A Spider that Reads the Whole Web

Diffbot, a Stanford startup, is building an AI-based spider that reads as many pages as possible on the entire public web, and extracts as many facts from those pages as it can. “Like GPT-3, Diffbot’s system learns by vacuuming up vast amounts of human-written text found online. But instead of using that data to train a language model, Diffbot turns what it reads into a series of three-part factoids that relate one thing to another: subject, verb, object.” (MIT Technology Review, 4 September 2020) Knowledge graphs – which is what this is all about – have been around for a long time. However, they have been created mostly manually or only with regard to certain areas. Some years ago, Google started using knowledge graphs too. Instead of giving us a list of links to pages about Spider-Man, the service gives us a set of facts about him drawn from its knowledge graph. But it only does this for its most popular search terms.
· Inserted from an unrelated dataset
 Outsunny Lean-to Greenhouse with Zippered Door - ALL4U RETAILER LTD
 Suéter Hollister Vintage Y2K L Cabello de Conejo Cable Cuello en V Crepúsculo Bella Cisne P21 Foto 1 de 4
According to MIT Technology Review, the startup wants to do it for everything. “By fully automating the construction process, Diffbot has been able to build what may be the largest knowledge graph ever.” (MIT Technology Review, 4 September 2020) Diffbot’s AI-based spider reads the web as we read it and sees the same facts that we see. Even if it does not really understand what it sees – we will be amazed at the results.